The Alaska Permanent Fund Corp. will continue lending out stocks in its $40 billion-plus portfolio, despite the losses some other funds have had with the practice.
It’s called securities lending, but it may be more aptly called securities “renting” due to the income the permanent fund receives.
Last year the fund made about $9.2 million from making a portion of its portfolio, worth about $3.4 billion on average, available for custodian Bank of New York Mellon to lend. The bank then rented those securities to others who need to hold title to them, but don’t necessarily want to purchase them outright.
That may be for those who want to use them in short sales, said Mike Burns, the fund’s executive director. While various securities may be lent, most of the fund’s revenue from lending comes from lending stocks, especially small-cap stocks.
Alaska’s securities lending program has protections for the permanent fund that few others get, said Bill Kelly, BNY Mellon’s deputy department head for securities lending.
That means that even in 2008, when some who lent securities had difficulty getting them back, recovering the securities wasn’t a problem for the permanent fund, he said.
“The Alaska Permanent Fund has a highly customized securities lending program,” Kelly said.
The managers of Alaska’s fund have been able to negotiate extra protections and guarantees into its program that few other investors get.
“That customization has served to help navigate the financial crisis more successfully than perhaps other securities lending participants that you’ve either read about, heard about or spoken to,” Kelly said.
That includes both the bank holding equivalent collateral for any securities lent, as well as the bank itself guaranteeing the deal, he said.
The protections Alaska has negotiated for its securities lending program have been offered to few others, Kelly said.
Michael O’Leary, an investment advisor to the trustees, said the protections Alaska has are an “almost unique feature.”
A number of other pension funds and others who once participated in securities have abandoned the practice when they discovered it wasn’t as risk-free as they once thought.
Idaho no longer does securities lending because it couldn’t get the same deal Alaska has.
“That’s the reason why you do securities lending and we don’t,” said Robert Maynard, chief investment officer of the Public Employees Retirement System of Idaho.

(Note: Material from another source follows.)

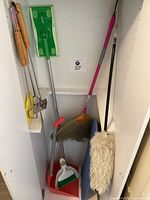 Shelf with various cleaning items including a red dustpan with green brush, broom with pink handle, mop duster with white head, broom with yellow bristles, and long handle fly swatters.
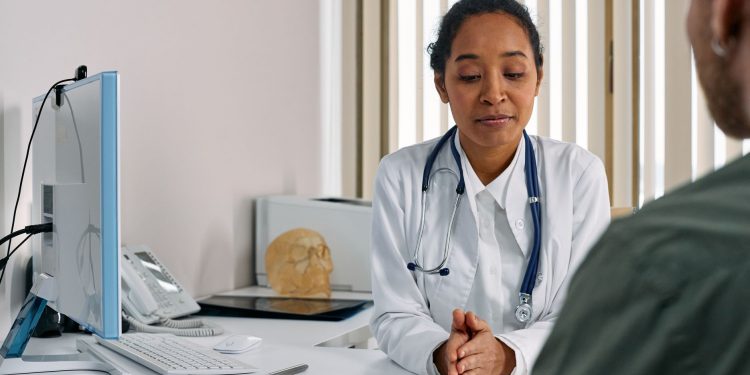 A female doctor consulting a patient in a modern medical office setting.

Maynard is an outside adviser to the Alaska Permanent Fund as well.
One of those entities that suspended securities lending several years ago was the Alaska Retirement Management Board. Department of Revenue Chief Investment Officer Gary Bader told the board then getting paid for securities lending might look like “free money,” but that there was a chance it might carry significant hidden risks.
Maynard said he, too, was opposed to securities lending, unless the same protections Alaska received were offered.
The arrangement with BNY Mellon leaves Alaska completely indemnified, Burns said.
The deal that the permanent fund has negotiated for securities lending is “extraordinary,” and even that may understate how unique it is, Maynard said.